Honestly, I cannot feign to understand authors today. I’ve been reading quite a few books by female authors these days and the one repeating theme I see is that each of them either paints the picture of a woman who is an alcoholic and a drama queen or a helpless damsel in distress who needs “saving” of some sort. Each woman is shown to be weak and dependent either on alcohol or on a man. This book was no different.

The book began with the character being a self-obsessed, self-absorbed stuck-up society girl, who grows into an empathetic woman and realizes everything that is wrong with her environment and the people she has been surrounded by. What I don’t understand is how or why she has to go on this journey of self-discovery by learning how to do housework, sweeping floors, and making beds. Understandably, it shows that she is growing sympathetic to the plights of the help; what I don’t understand is why she didn’t choose to go on this journey by instead learning to attend to soldiers hurt in the war (which, honestly, would have made me respect her a tad more). In any case, by helping around the house, she wins the love and respect of the manager of the inn. Another problem here: why does a man only seem to fall in love with a woman who tries to change herself by learning how to work in the kitchens? What kind of example are you trying to set? What are you inspiring female readers to become?

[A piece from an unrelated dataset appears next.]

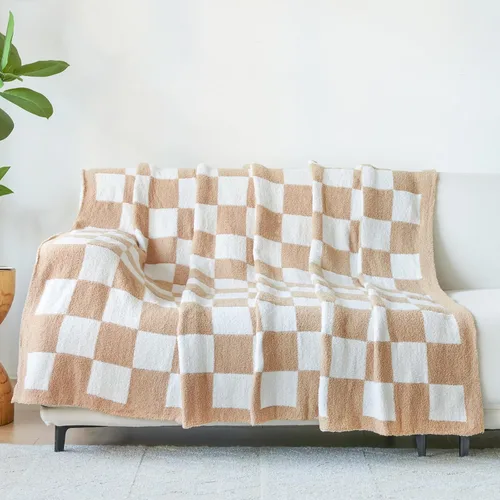 Miniatura 4 de Manta a Cuadros, Mantas Suaves y Acogedoras para Sofá Cama, Manta de Picnic de Viaje a Cuadros Esponjosa Ligera y Cómoda, Regalos para Sofá Silla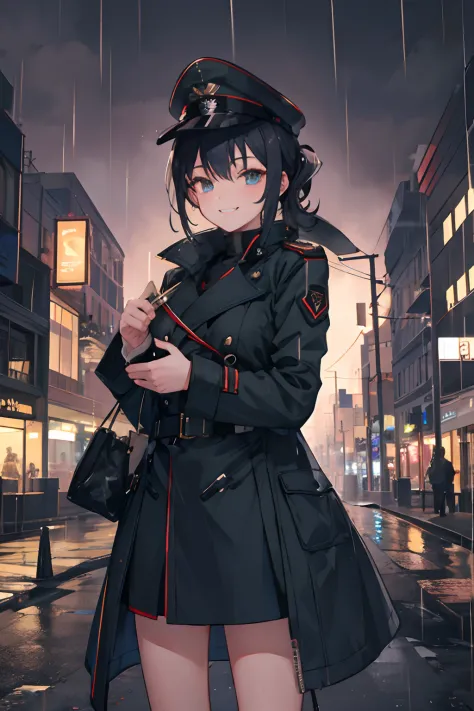 1girl,military outfit,night city,rain,coat,holding her phone, looking at viewer, smiling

One other thing that drew my attention was that each of these books that supposedly are a journey of a woman on “self-discovery” in some way involve a man, who somehow acts as a catalyst for this woman to “better” herself. This man is always painted as a through-and-through hero, who, literally in this case, comes back from the jaws of death and who dispatches a few to the fate that was to be his. I don’t understand the need for these characters in this book. At least, The Girl on the Train and Gone Girl didn’t have a patriarchal figure who had to “save” them or help them improve themselves, and under whose watchful, encouraging <lustful> eyes the protagonist realized she could be and have so much more.

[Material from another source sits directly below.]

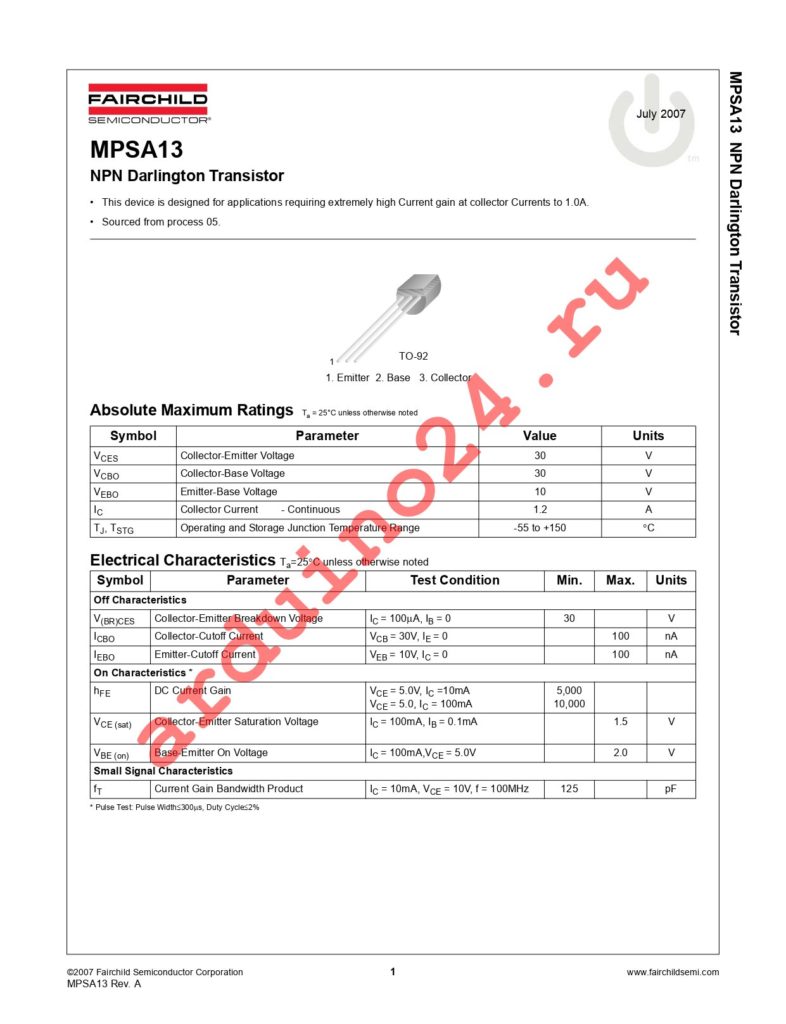 MPSA13_D26Z datasheet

The book painted these characters to be so completely evil or so completely good, I’m surprised she didn’t discover their flaws earlier. Only after being hauled across the Atlantic ocean (and because she was sea-sick the entire time) did she realize how callous and selfish her husband truly is. The character came off as shallow. I loved the journey, to the extent that it was believable. Does it really take war and a life in squalor to humble us? And if she realized so much about herself, in being shallow, how could she not, upon reflection, not come to understand the position of her father and feel sorrow and pity for him?

What I did like about the book was that it made the character realize that the boundaries between the servants and the upper-class were man-made and just existed in her mind. She did become empathetic and sympathetic. Her self-discovery, like I said earlier, was enjoyable to an extent. The book was an easy-read and I finished it in about two days so I don’t feel too bad about reading it. I’d give it a solid 3.5 stars for solid writing style, even though there was a lot wrong with the characters, I thought.

Also, there wasn’t much about the Loch Ness monster in it. Which I was really excited and was hoping for. Disappointed.

The Circle (Jerk)

This book. I don’t know how I feel about it yet. It read like a prequel to 1984 by George Orwell and a lot of it made sense. On the other hand, it assumed that nobody in this world would retaliate against gross invasion of privacy; which really is not the case (at least not in the world we live in). With hundreds of thousands of redditors willing to take matter into their own hands and with the existence of “Anonymous” hackers, it really isn’t possible for one company to truly “take over”, so to speak, at least not in a manner as “complete”. Even though the United States is over-run by this craze of technology, I don’t see this happening. Yet.

WHEN we end up in this dystopic future where everyone is watched and is under constant surveillance, it won’t be because one day “Big Brother” just decided to exist. No, it would be because we invited them in. Fact of the matter is, there is a majority of our world already, who would welcome this kind of invasion of privacy, masquerading as “the need for attention”. People sell all of their information on the internet for free. Their opinions (thinking people will respect them for whatever delusional righteous beliefs they have {which are shaken very easily unfortunately}), their choices, their thoughts, their values, their need for popularity. But are these really for sale if they’re given out for free? Samplers everyone is willing to give out, but no one truly wants? Who’s really gaining from all this? Is it for as innocuous reasons as targeted advertising or is there a more nefarious purpose to all this data collection? I think about the suggested ads I see everywhere I turn my head. Sometimes they show me ads for things I’ve never expressed an interest in but have bought on impulse at some point. How does anyone know to show me an ad for some uncommon toy I bought at Walmart? How do they even know what I am spending my money on? It’s scary.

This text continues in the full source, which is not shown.